> [Task brief]
Starting with the opening line of the material, restate every line word for word, and end on the line containing "1826 S Drake".

══════════

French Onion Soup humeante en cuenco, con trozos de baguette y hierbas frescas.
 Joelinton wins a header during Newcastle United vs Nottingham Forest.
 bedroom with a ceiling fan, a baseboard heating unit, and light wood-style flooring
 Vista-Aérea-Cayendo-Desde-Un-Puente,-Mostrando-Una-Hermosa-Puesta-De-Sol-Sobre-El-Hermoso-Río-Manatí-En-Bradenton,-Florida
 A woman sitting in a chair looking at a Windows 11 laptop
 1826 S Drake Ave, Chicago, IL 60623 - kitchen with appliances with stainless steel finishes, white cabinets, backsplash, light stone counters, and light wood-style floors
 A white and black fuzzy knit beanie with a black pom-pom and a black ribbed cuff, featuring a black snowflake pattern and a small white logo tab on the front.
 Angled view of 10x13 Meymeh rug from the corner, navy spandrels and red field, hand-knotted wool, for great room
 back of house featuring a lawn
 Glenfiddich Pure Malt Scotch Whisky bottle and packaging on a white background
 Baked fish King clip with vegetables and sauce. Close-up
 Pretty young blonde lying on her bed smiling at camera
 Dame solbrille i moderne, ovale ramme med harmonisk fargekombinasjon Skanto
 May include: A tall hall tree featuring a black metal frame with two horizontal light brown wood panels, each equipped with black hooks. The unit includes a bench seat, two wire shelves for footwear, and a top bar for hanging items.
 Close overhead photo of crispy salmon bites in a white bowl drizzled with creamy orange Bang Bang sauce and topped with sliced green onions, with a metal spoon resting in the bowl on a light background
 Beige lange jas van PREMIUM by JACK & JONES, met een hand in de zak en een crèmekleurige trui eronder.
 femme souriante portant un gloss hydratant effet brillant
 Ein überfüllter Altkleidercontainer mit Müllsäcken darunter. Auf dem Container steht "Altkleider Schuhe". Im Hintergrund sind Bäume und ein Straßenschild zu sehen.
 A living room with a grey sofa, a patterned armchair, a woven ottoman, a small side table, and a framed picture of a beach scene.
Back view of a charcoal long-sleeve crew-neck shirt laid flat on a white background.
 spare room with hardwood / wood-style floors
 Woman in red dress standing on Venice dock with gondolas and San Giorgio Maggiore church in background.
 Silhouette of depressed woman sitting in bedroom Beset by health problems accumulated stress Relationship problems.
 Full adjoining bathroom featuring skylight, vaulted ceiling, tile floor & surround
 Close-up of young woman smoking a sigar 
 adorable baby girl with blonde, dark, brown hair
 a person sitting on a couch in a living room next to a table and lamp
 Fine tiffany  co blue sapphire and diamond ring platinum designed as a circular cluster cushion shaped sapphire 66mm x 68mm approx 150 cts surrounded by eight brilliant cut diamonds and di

══════════

> [Reply]
French Onion Soup humeante en cuenco, con trozos de baguette y hierbas frescas.
 Joelinton wins a header during Newcastle United vs Nottingham Forest.
 bedroom with a ceiling fan, a baseboard heating unit, and light wood-style flooring
 Vista-Aérea-Cayendo-Desde-Un-Puente,-Mostrando-Una-Hermosa-Puesta-De-Sol-Sobre-El-Hermoso-Río-Manatí-En-Bradenton,-Florida
 A woman sitting in a chair looking at a Windows 11 laptop
 1826 S Drake Ave, Chicago, IL 60623 - kitchen with appliances with stainless steel finishes, white cabinets, backsplash, light stone counters, and light wood-style floors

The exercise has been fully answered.